AbstractBase* function = new MemberFunctionWrapper<Class>(&Class::Do);

This is certainly a valid and legal approach, but it has the drawbacks of using dynamic memory allocations, and adding another level of indirection via the virtual function.

Let us go back to the original delegate, and see whether there’s an alternative solution. If we somehow could turn pointers to member functions into ordinary pointers to functions, we only need to store the latter, and not care about member functions at all.

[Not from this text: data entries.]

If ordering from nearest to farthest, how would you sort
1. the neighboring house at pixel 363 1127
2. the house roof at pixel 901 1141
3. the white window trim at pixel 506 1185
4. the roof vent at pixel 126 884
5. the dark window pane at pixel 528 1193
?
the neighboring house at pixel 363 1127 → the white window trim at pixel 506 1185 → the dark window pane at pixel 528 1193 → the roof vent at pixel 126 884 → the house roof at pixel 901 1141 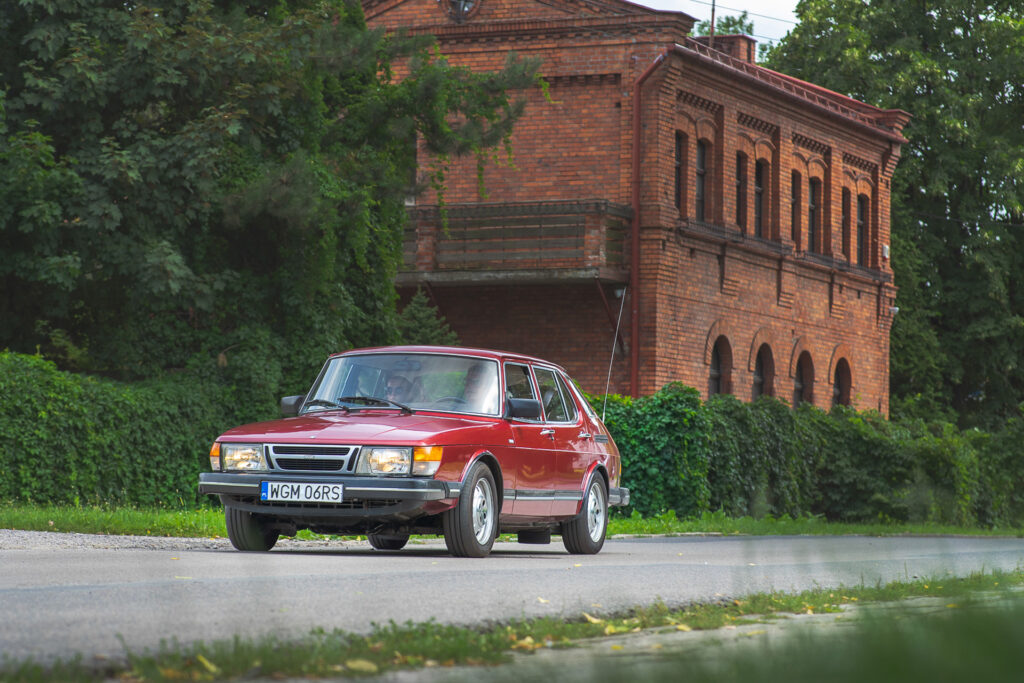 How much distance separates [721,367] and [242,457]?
998 inches

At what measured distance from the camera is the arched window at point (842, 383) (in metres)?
42.8

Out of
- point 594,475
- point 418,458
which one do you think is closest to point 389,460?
point 418,458

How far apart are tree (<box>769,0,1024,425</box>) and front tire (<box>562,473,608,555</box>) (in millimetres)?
33187

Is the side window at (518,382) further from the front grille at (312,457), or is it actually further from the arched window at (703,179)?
the arched window at (703,179)

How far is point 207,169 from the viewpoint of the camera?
2152 cm

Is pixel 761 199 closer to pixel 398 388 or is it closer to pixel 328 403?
pixel 398 388

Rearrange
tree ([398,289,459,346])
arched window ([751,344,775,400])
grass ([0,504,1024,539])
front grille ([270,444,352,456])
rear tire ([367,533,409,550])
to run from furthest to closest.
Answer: arched window ([751,344,775,400]) < tree ([398,289,459,346]) < grass ([0,504,1024,539]) < rear tire ([367,533,409,550]) < front grille ([270,444,352,456])

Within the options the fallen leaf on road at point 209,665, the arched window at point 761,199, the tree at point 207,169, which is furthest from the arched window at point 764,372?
the fallen leaf on road at point 209,665

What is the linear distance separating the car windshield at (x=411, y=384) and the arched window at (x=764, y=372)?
25.7 m

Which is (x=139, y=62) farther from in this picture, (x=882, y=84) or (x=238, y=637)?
(x=882, y=84)

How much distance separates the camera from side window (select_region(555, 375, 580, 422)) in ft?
48.4

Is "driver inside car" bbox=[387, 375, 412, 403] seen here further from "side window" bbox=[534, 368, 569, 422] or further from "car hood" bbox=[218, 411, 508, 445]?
"side window" bbox=[534, 368, 569, 422]

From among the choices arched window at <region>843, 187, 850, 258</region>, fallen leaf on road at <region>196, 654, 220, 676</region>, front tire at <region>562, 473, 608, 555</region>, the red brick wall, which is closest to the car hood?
front tire at <region>562, 473, 608, 555</region>

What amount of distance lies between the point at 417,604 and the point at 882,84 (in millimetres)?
42380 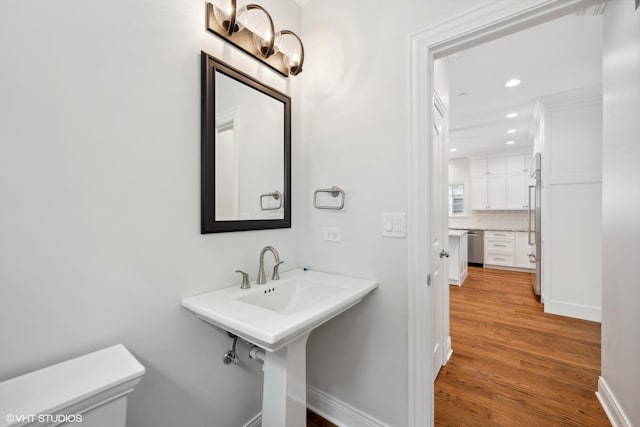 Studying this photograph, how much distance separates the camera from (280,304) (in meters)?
1.38

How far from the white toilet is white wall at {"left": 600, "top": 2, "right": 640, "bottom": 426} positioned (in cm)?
206

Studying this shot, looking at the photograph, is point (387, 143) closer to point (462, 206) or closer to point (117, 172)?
point (117, 172)

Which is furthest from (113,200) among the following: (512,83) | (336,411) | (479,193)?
(479,193)

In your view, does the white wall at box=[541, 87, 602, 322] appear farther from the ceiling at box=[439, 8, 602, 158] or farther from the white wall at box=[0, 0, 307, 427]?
the white wall at box=[0, 0, 307, 427]

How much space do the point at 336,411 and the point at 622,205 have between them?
1.89m

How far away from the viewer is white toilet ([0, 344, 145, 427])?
24.2 inches

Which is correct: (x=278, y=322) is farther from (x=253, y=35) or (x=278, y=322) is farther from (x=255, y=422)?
(x=253, y=35)

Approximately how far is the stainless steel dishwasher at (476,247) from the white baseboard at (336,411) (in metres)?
5.33

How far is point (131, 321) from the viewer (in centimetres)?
99

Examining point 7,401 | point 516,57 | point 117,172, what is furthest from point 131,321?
point 516,57

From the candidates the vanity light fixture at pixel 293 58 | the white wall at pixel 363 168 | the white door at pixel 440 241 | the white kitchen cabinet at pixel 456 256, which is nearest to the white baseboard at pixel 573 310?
the white kitchen cabinet at pixel 456 256

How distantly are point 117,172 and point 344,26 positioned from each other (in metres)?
1.43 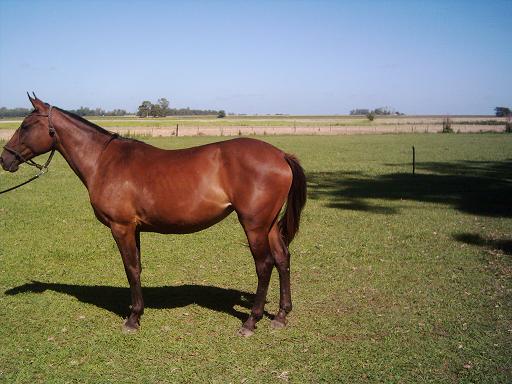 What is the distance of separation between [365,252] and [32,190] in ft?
41.6

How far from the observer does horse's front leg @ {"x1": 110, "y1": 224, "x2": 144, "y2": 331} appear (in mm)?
5375

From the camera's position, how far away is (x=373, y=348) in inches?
195

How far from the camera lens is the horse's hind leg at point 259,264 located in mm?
5184

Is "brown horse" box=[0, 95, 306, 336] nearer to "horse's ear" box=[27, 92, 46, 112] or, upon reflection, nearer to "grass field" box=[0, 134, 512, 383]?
"horse's ear" box=[27, 92, 46, 112]

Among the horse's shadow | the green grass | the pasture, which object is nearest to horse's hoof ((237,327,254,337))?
the horse's shadow

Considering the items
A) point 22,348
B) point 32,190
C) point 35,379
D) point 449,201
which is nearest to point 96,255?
point 22,348

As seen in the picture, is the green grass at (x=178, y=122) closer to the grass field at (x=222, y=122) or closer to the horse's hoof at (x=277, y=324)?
the grass field at (x=222, y=122)

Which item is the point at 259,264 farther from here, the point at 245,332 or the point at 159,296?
the point at 159,296

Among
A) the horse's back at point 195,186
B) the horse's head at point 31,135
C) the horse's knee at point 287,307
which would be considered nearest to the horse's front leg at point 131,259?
the horse's back at point 195,186

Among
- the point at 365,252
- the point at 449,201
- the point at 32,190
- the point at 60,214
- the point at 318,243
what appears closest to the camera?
the point at 365,252

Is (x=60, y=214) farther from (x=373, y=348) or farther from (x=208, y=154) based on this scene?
(x=373, y=348)

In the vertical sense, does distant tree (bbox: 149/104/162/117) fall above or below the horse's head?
above

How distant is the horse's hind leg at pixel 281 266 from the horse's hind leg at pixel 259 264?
10.7 inches

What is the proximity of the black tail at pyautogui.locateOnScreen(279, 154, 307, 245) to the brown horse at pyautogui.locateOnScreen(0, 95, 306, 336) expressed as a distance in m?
0.01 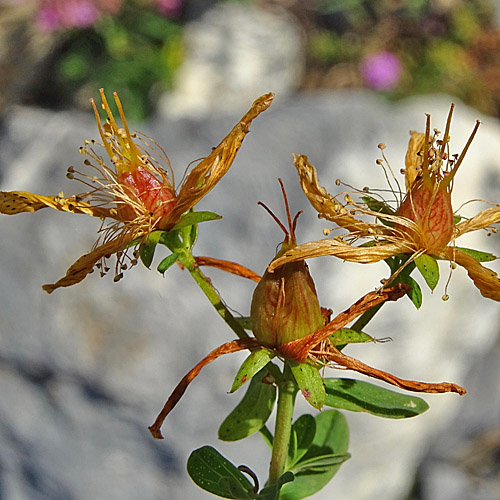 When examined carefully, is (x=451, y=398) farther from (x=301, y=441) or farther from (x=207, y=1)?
(x=207, y=1)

We could try to write such a wrapper function the following way:

template <class C>
void WrapMemberFunction(C* instance, void (C::*memberFunction)(int), int ARG0)
{
  (instance->*memberFunction)(ARG0);
}

The above works, but we cannot store it inside our Delegate class, because WrapMemberFunction has a different signature than an ordinary free function:

typedef void (*FreeFunction)(int);
typedef void (*WrapperFunction)(C*, void (C::*)(int), int);

Still, the type of the class C is lurking around in the typedefs, and we need an additional C* argument which is the instance the pointer to member function is to be called upon.

Introducing an additional, unused argument to the free function, and using plain, old void* pointers halfway gets us there:

void WrapFreeFunction(void* instance, void (*freeFunction)(int), int ARG0)
{
  // instance is unused
  (freeFunction)(ARG0);
}

template <class C>
void WrapMemberFunction(C* instance, void (C::*memberFunction)(int), int ARG0)
{
  (static_cast<C*>(instance)->*memberFunction)(ARG0);
}

Note that we are not sacrificing type-safety by using a void* here – the function template always knows the original type, and correctly casts it back again (casting from any pointer to void* and back is safe according to the standard).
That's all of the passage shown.